# Tamás Erdélyi (mathematician)

**Tamás Erdélyi** is a Hungarian-born mathematician
working at Texas A&M University. His main areas of research are related to polynomials and their approximations, although he also works in other areas of applied mathematics.[1]

Tamás Erdélyi | |
---|---|

Born | |

Residence | United States |

Nationality | Hungarian |

Alma mater | ELTE |

Known for | Polynomials, Approximation |

Scientific career | |

Fields | Mathematics |

Institutions | Texas A&M |

Influences | Peter Borwein |

Influenced | G.G. Lorentz William Bassichis |

## Life, education and positions

Tamás Erdélyi was born on September 13, 1961, in Budapest, Hungary. From 1980 to 1985 he studied mathematics at the ELTE in Budapest, where he received his diploma. After graduation, he worked for two years as a research assistant at the Mathematics Institute of the Hungarian Academy of Sciences. He later pursued his graduate studies at the University of South Carolina (1987–88) and the Ohio State University (1988–89). He received his Ph.D. from the University of South Carolina in 1989. He was a postdoctoral fellow at the Ohio State University (1989–92), Dalhousie University (1992–93), Simon Fraser University (1993–95), and finally at the University of Copenhagen (1996–97). In 1995, he started to work at the Texas A&M University in College Station, Texas, where he is a professor of mathematics.[2]

## Works

Erdélyi started his career studying Markov and Bernstein inequalities for constrained polynomials in the late eighties. In his Ph.D. dissertation he extended many important polynomial inequalities to generalized polynomials by writing the generalized degree in place of the ordinary.[1] His trigonometric work on Remez inequality represents one of his most cited papers.[1]

In 1995, he finished his Springer-Verlag graduate text *Polynomials and Polynomial Inequalities*, co-authored with Peter Borwein, and including an appendix proving the irrationality of *ζ*(2) and *ζ*(3). Later that year he showed that Müntz's theorem holds on every compact subset of the positive real axis of the Lebesgue measure.[1] His bounded Remez-type inequality for Müntz polynomials in the non-dense case also allowed him to resolve Newman's product problem.[1] In the same year he also proved a Bernstein's inequality for exponential sums, the subject of an earlier conjecture by G.G. Lorentz.[1]

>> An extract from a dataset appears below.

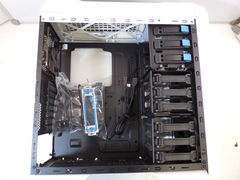 Корпус Thermaltake Chaser A31 Snow Edition - Pic n 271105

Erdélyi has also published papers dealing with other important inequalities for exponential sums and linear combinations of shifted Gaussians. Early in the twenty-first century he proved two of Saffari's conjectures, the phase problem and the near orthogonality conjecture.[1] In 2007, working with Borwein, Ferguson, and Lockhart, he settled Littlewood's Problem 22.[1] He is an expert on ultraflat and flat sequences of unimodular polynomials, having published papers on the location of zeros for polynomials with constrained coefficients, and on orthogonal polynomials. He has also made significant contributions to the integer Chebyshev problem, worked with Harvey Friedman on recursion theory, and, together with Borwein, disproved a conjecture made by the Chudnovsky brothers.

Erdélyi's more recent work has focused on problems in the interface of harmonic analysis and number theory, and the Mahler measure of constrained polynomials. In 2013 he proved that the Mahler measure and the maximum norm of the Rudin-Shapiro polynomials on the unit circle have the same size. He contributed substantially to Chowla's cosine problem by proving Bourgain and Ruzsa type results for the maximum and minimum of Littlewood cosine polynomials. One of his Bernstein type inequalities for rational functions is now referred to as the Borwein–Erdélyi inequality. He is also known for establishing the full Müntz theorem with Borwein and Johnson, and has some partial results related to questions raised by Paul Erdős.[1][2]

In 2017 he proved Saffari's longstanding conjecture stating that the Mahler measure of the Rudin-Shapiro polynomials of degree n is asymptotically (2n/e)^{1/2}.